Most of your fiction has a theme of self-sacrifice for your beliefs/values. Do you consider that to be a crucial, yet too often lacking, factor in our lives/world?
Brian: Yes, I do. I don't think there are enough things that people tend to feel passionate enough about to the point of self-sacrifice. There's a shitload of stuff that I've given up, like financial security for one, to do what I want. I'm utterly free in that regard. But then I can see sacrificing a lot more before it's over. There's points I've gotten to in certain novels, particularly The Darker Saints and Prototype, where towards the end I was so into it that everything was going, like health and hygiene, and I could actually conceive of a novel that would kill me. Of course I would have to be the one to take that final leap, but I could actually conceive of that, get in that frame of mind. It seems a very pure act at that point. Everything that gives people the most security is the tangible things: their houses, their cars, their stock portfolios. These tangibles are just another kind of fence, a corral that they put around themselves. Anything that is of an intangible nature, a spiritual nature-not just lip service spiritual like Protestant worship of omnipotence-is so much more difficult for people to hold on to simply because they've been programmed to go after the tangibles. It's letting someone else do the programming for them; letting someone else reach right in and hard-wire them, tell them what is going to make them happy. A lot of times it works for decades but then they suddenly hit a wall. I've seen that with a lot of people. For 15 or 20 years buying into a certain lifestyle, or a certain belief system, and all of a sudden they come slamming 80mph against a brick wall and everything comes flying out the window. This path was chosen for them, it might not have been theirs if they had been left to their own devices. It didn't work for them. They're left shrugging their shoulders, looking around, saying "What the hell happened here?". I get a certain amount of vindictive pleasure, everybody loves a good crash.

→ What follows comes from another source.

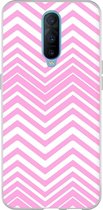 Smartphonebooster Telefoonhoesje - Back Cover - Geschikt Voor OPPO RX17 Pro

Especially when they're supposedly the ones who are so much more stable. Religion, anywhere from primal instinct to Vodoun to Sumerian to Catholicism, is often present in your fiction. Do you merely find it fictitiously enticing, or is it due to personal belief in the drives of external/internal powers?
Brian: Using those things has never been calculated, I certainly didn't do anything along those lines because I thought it was fictitiously enticing. So far I haven't seemed very capable of doing anything calculating, it's all very gut instinct. I'm just interested in exploring the different spiritual avenues and a lot of that is reflective of things that I'm doing. Even the things I rejected, like the televangelism belief system in Deathgrip. That wasn't anything that I was ever really buying into, but it was interesting to explore. I think in most of the books and stories where you're coming across that, you usually find that the more radical stuff is what is working for people. It's not institutionalized, it's not commodified for mass consumption. It's on a deeply personal level, or with a very small group of like-minded people sharing it. They usually found that avenue for themselves, found each other themselves. If I'm trying to put out any kind of message, it's that you should seek out those avenues for yourself and you'll probably find something, there are so many belief systems out there. Not necessarily belief systems, if you're interested in touching something of a more spiritual nature, getting past the mere surface reality, there are 1000s of avenues which can help you reach that. For me, anymore, it's shamanism. That seems to be working for me and it's introduced me to a lot of experiences that I wouldn't have had otherwise. Part of that is letting go of a certain amount of control. Shamans in primitive cultures don't even remember what they've done in their trances. It's such a split between standard reality and, what it's called in text books, shamanic reality. But I like to explore the different avenues, try to reach beyond what we see with our own eyes.